Hypoplastic Left Heart Syndrome

http://radiographics.rsna.org/content/21/3/705.full
Dianna M. E. Bardo, MD ; David G. Frankel, MD ; Kimberly E. Applegate, MD ; Daniel J. Murphy, MD ; Russel P. Saneto, DO, PhD

1 From the Departments of Radiology (D.M.E.B., D.G.F.), Pediatric Cardiology (D.J.M.), and Pediatric Neurology (R.P.S.), Cleveland Clinic Foundation and Children’s Hospital, 9500 Euclid Ave, Cleveland, OH 44195; and the Department of Radiology, University Hospital, Cleveland, Ohio (K.E.A.). Recipient of a Certificate of Merit award for a scientific exhibit at the 1998 RSNA scientific assembly. Received March 19, 1999; revision requested May 18 and final revision received August 24; accepted August 24.

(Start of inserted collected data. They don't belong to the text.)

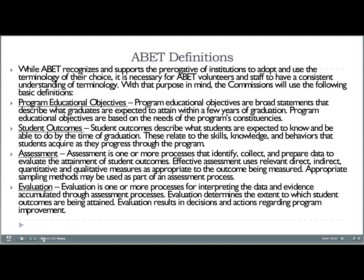ABET has provided some definitions, and we need to look at these because sometimes their definitions aren't necessarily the same as those used in other educational institutions or accrediting agencies. The first one is program educational objectives, which are broad statements of what we expect our graduates to be doing a few years after graduation — specifically three to five years after graduation as a guideline.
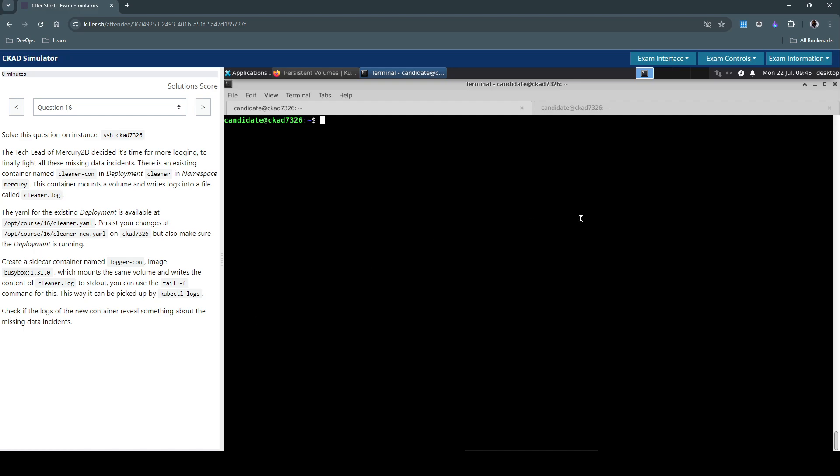So there are multiple Kubernetes resources that we are touching in this question. The focus here is on the sidecar container and we'll be using the same volume and volume mounts the existing deployment is already using. And then a bit of investigation using the logs to find out what's causing the problem of the missing data incidents.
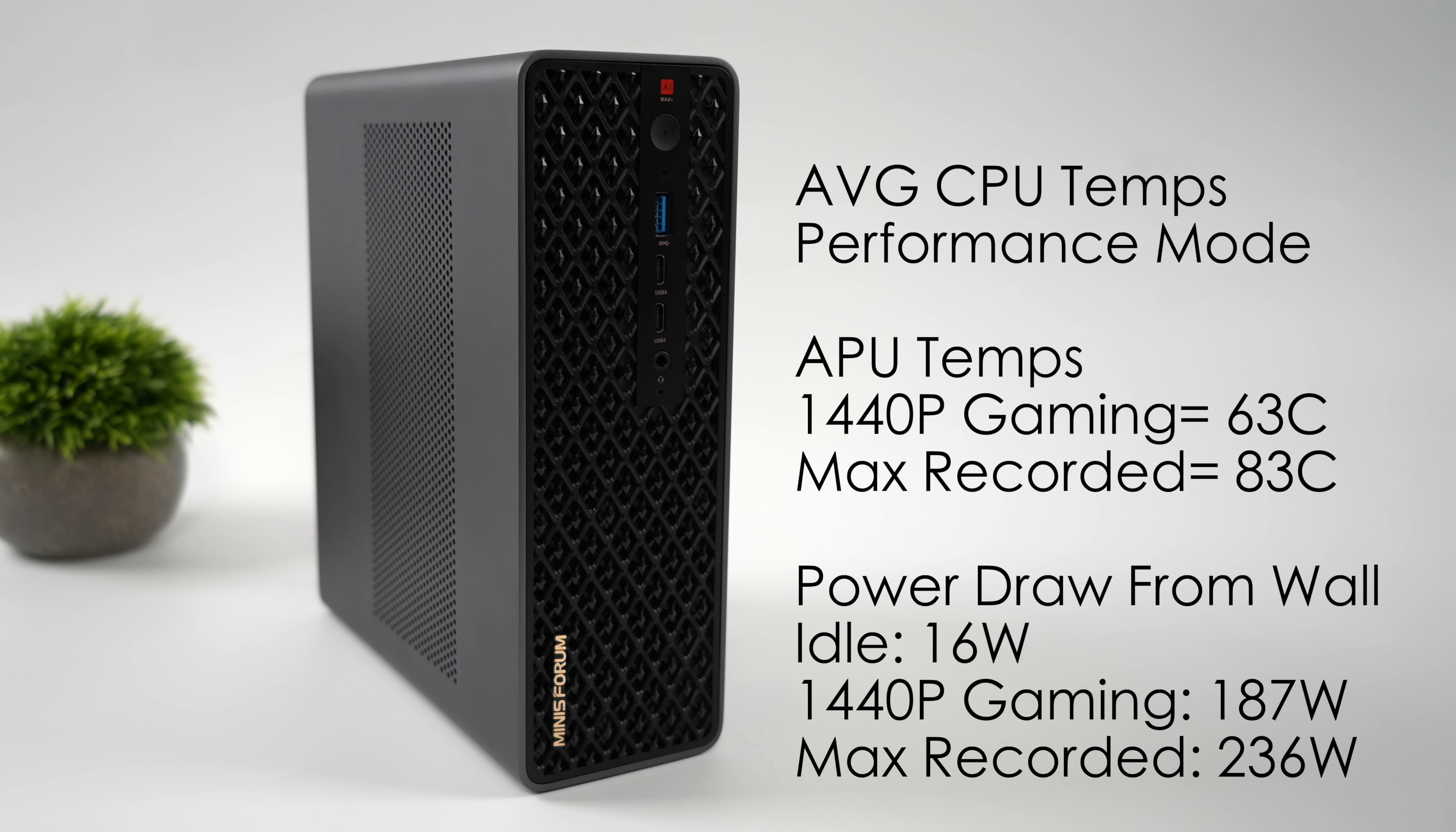and at idle, this only pulls 16 watts. In performance mode, it's probably a lot less in balanced mode. 1440p gaming, it jumps up to 187 watts total draw,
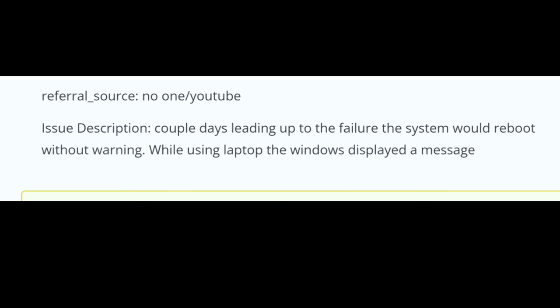Here we have an Asus laptop that came in for no power. This one is the GA502DU model. The customer wrote: no power. A couple of days leading up to the failure, the system would reboot without warning. While using the laptop, Windows displayed a message. The system would reboot, and now the laptop would not power on. We did confirm the laptop is not powering on.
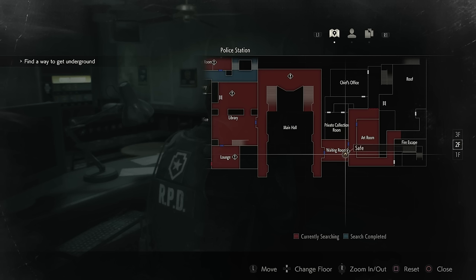The waiting room is found here on the map, on the second floor right up from the main hall. When you enter, go behind the desk and you will find the safe right there.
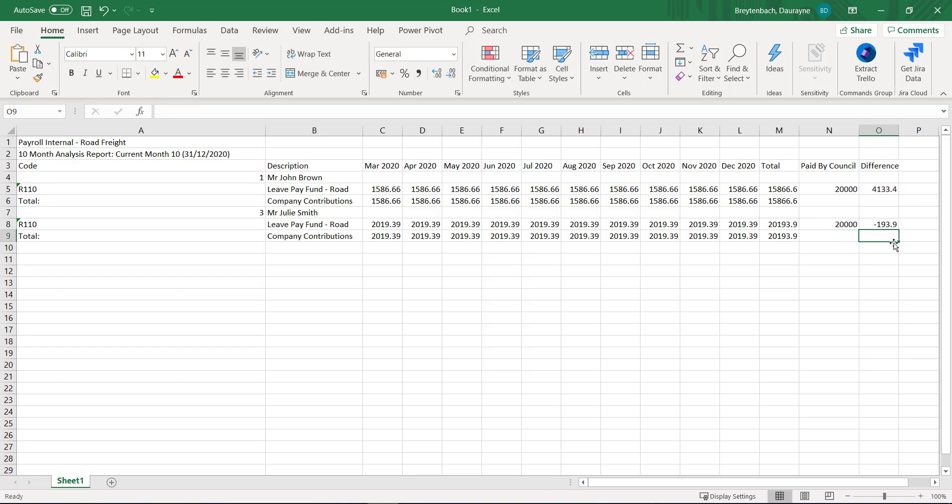We advise that you identify and highlight any amount where the contributions paid is less than the leave pay received from the Council.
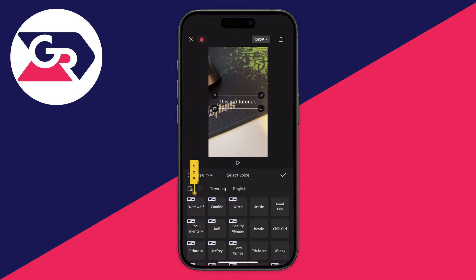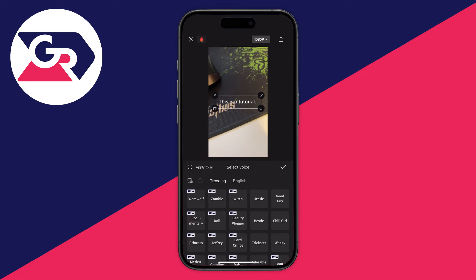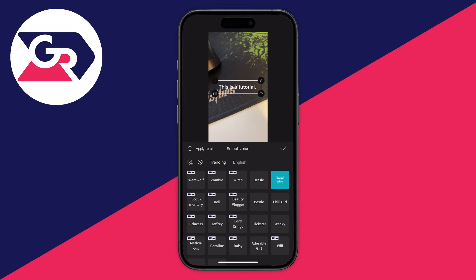First of all you can go and choose a voice you want to use. You can select Trending or English. Now some of these will be Pro but there are some free ones as well. When you click on them it'll give you a preview of how they sound. As you just heard, that's how it sounds. If you like it you can then click on the tick button in the top right.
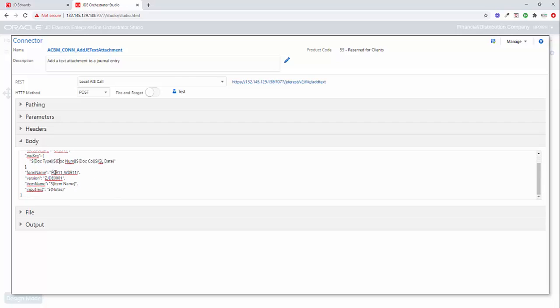The form name is the PO911 and then that WO911I. Our version is the ZJD1. The item name I'm passing in as a parameter and the input text I'm also passing in as a parameter. And I'm going to use this notes field to pass that in.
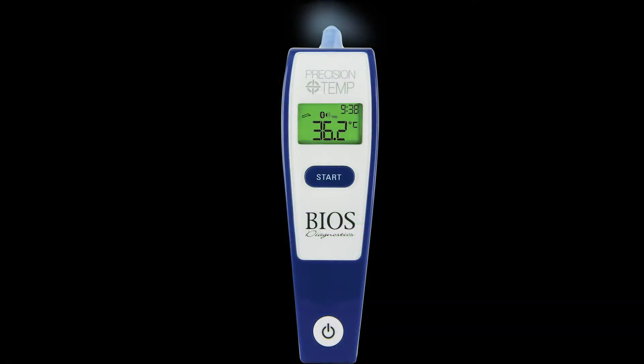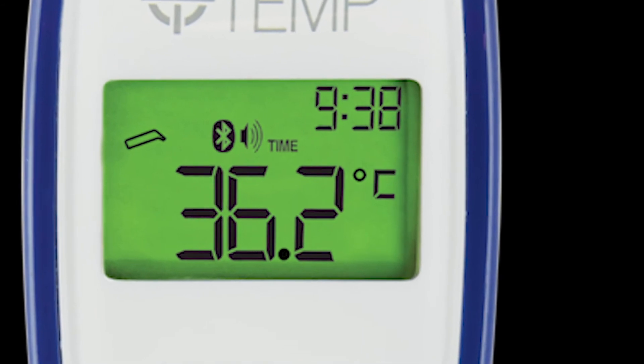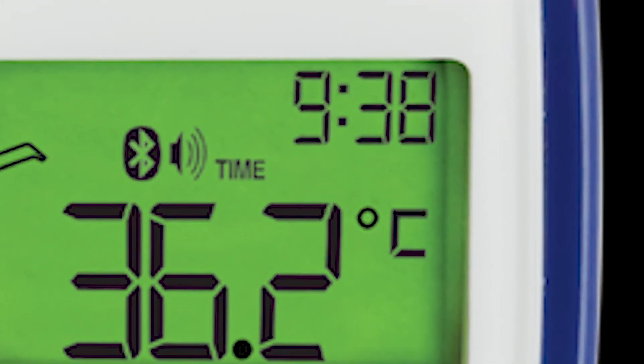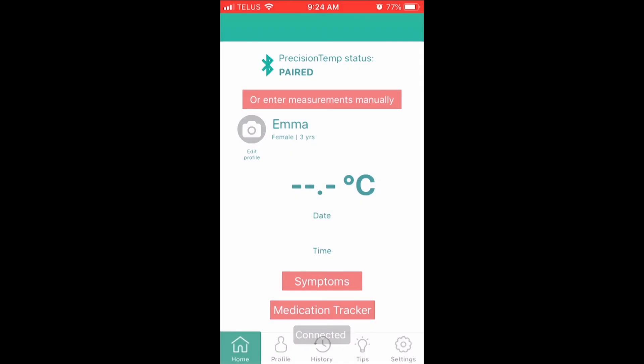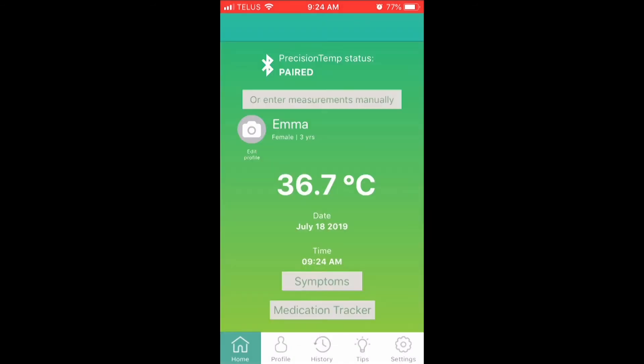It is important to note that the date and time needs to be set correctly on your Bluetooth ear thermometer. Otherwise, when you download the measurements to the app, they will not appear in the history measurement section. Once the fever measurement is downloaded onto the home screen, you will see the temperature taken with a date and time stamp. The screen will also change colour — red indicating a fever, or green indicating that no fever is present.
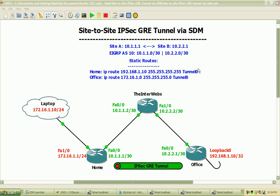Hi, my name is Matt Boller, and in this video we will be discussing site-to-site IPsec GRE tunnels configured through Cisco's own Security Device Manager, or SDM.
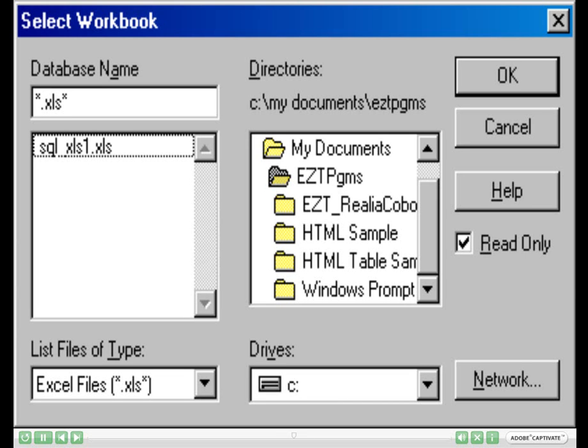This will now list in the left pane of the screen the programs that we provide. Please click on the SQL underscore xls1 dot xls and then click OK. Continue clicking OK in the ODBC Microsoft Excel Setup dialog box.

Hypoplastic left heart syndrome (HLHS) is a complex combination of cardiac malformations that probably results from multiple developmental errors in the early stages of cardiogenesis and that, if left untreated, invariably proves fatal. A variety of chest radiographic findings are seen in patients with HLHS, including an enlarged cardiac silhouette (notably a prominent right atrium), pulmonary venous hypertension, an atrial septal defect, and valvular stenosis or atresia. The recent evolution of palliative surgical procedures (modified Norwood procedure, bidirectional cavopulmonary shunt, modified Fontan procedure, aortic valvuloplasty, heart transplantation) has increased the survival rate in children with HLHS. Echocardiography allows accurate assessment of the size and location of the ductus arteriosus, the hemodynamics of the aortic root, the patency and size of the foramen ovale or atrial septal defect, and the presence of a ventricular septal defect to help determine whether surgical intervention is appropriate and, if so, to facilitate planning. Pediatric radiologists now view radiologic images obtained in patients with HLHS before surgical intervention and at important intervals during treatment. Familiarity with the malformations that characterize HLHS and the surgical procedures used to enhance postnatal survival will help pediatric radiologists provide better care for patients with this relatively common pathologic condition.